The retired couple began investigating beekeeping two years ago, when they attended a beekeeping seminar sponsored by the University of Florida extension service, where experts there advised anyone interested in having bees join a group. They joined the Ridge Beekeepers Association, where they met Pat Allen, another transplant who brought his bees with him from upstate New York several years ago.

“We worked with him in his bee yard for four weeks before we bought a hive,” Sprague said.

Allen owns Pat’s Apiaries, which is a side business for him and his family. Their beekeeping is on a much larger scale than Sprague and Deschenau’s. Allen offers his hives to farmers for crop pollination. He also takes calls from people who need bees removed from their property.

But however many hives people have, there is excess honey. Because Pat’s Apiaries pollinate other crops, he sells orange blossom, wildflower and palmetto honey. Sprague and Duchesneau label theirs wildflower because their bees hang out mostly in the neighborhood taking pollen from plants and nectar from flowers to make honey, the bees extra food supplies for a long, more chilly winter when flowers are dormant.

The Lake Alfred couple has learned much since they began beekeeping. They inspect their four hives and two temporary ones, where they place their overflow.

“The bee colony gets bigger and bigger and bigger,” Duchesneau said. “When they run out of room they swarm.”

They’ve had them swarm in trees in the back yard. One swarm just left, the queen taking the other bees with her. Sprague transferred another to a temporary hive, where the bees make new queens and begin a new colony. They had swarmed on a tree branch and were quiet.

“I handed Ray the branch and said ‘Don’t drop it.’,” Sprague said. “I laid it down in front of the temporary hive and they went right in.”
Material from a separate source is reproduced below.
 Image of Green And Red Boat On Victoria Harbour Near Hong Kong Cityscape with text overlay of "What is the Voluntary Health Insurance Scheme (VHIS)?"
The queen is about an inch long and all activity centers around her in the natural beehive hierarchy. The average queen lays 1,000 eggs a day for about two years. In three days, the eggs hatch in the hive. As the bees age, they go from being house bees, keeping the hive clean and feeding bee larva, to eventually leaving the hive to forage, bringing back the materials necessary to make honey.

And make honey they do.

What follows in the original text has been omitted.